Many teams had trouble finding their treasure; Joe (who is not living up to his promise as a short-tempered boor) declared his odd logic that because he had a compass watch, he didn’t need to keep track of his paces. (Joe has put far too much faith in technology; the day he got an iPhone, he was probably confounded as to why he didn’t suddenly have the power to teleport.) Meanwhile, Jeff and Jordan had no trouble finding sacks of treasure, they just couldn’t figure out to whom to give it. Repeatedly incorrectly reading the clue directing them to a train station, they kept attempting to hand it to the gunslinger at the clue box, and were confounded as to why they only received a twirled pistol in return. “We’re so stupid,” said Jeff when they finally discovered their error. “We definitely shouldn’t reproduce.” These people shouldn’t be trusted with a ham sandwich, let alone a baby.
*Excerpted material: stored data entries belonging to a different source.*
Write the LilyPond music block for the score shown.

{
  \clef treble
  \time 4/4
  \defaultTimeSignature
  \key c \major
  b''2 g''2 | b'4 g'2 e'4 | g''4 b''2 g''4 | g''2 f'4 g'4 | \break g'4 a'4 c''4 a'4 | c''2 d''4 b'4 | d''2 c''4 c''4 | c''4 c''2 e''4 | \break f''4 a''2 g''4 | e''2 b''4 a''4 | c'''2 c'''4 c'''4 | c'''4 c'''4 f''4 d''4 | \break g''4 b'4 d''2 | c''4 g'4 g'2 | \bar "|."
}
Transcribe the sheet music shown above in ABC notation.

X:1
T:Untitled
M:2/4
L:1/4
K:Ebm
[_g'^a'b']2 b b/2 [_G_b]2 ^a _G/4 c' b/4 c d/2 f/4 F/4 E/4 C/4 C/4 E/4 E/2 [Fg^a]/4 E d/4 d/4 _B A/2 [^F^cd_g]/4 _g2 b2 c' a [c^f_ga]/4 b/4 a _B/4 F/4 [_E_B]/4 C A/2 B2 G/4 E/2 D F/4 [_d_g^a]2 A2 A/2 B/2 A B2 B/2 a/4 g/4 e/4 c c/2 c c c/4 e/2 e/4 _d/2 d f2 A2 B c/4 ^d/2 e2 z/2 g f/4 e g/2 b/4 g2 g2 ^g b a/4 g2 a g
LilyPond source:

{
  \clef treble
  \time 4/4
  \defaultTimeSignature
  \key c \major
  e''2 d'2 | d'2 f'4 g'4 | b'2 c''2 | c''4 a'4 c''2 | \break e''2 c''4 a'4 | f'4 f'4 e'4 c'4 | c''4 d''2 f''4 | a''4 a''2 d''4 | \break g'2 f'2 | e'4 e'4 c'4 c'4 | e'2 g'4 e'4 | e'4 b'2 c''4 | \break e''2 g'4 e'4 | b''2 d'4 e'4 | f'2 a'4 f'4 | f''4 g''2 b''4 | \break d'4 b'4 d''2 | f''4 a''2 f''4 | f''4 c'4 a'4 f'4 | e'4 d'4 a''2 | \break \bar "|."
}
The other choice of the Detour, “Horse Power,” involved the teams sitting and dragging a wooden fake horse the length of a polo field, taking turns knocking a ball forward until they got it through the goal in at most nine tries. Joe, after failing at the treasure hunt, tried this, only to fall off the horse twice in a row; perhaps he assumed his New Balance shoes would take care of his equilibrium. To get better traction on the ball, Steve lay crossways across the “saddle,” which worked; hopefully he didn’t take any grand lessons away from this experience and will never try it on a real horse.
The detectives also failed at the treasure hunt, even after Michael attempted a “grid search.” Louie confessed that he’d never done this “grid search,” he mostly executed search warrants. This was the first clue that their allegedly gritty police experience may well have been exaggerated: The second came when they picked blue Polo jerseys because it symbolized NYPD Blue. Are they really policemen, or just mall security who act out old CHiPs scripts at break time behind the Baby Gap?
Brothers Dan and Jordan also proved awful at Polo, but not as bad as Monique and Shawne. The moms frequently declared that they were out there to prove what mothers could do, and the answer to that question has historically been “get eliminated within the first three legs.” Shawne was stalled for a while at the roping Roadblock until Monique appealed to Jesus. Then, in an act of either divine intervention or inspirational editing, Jesus delivered a steer made of hay, which looked suspiciously like a false idol. But when the two women hit the polo fields, there wasn’t anything that either Jesus or an editor could do to save them, and they were eliminated. So to answer their question, that’s what moms can do.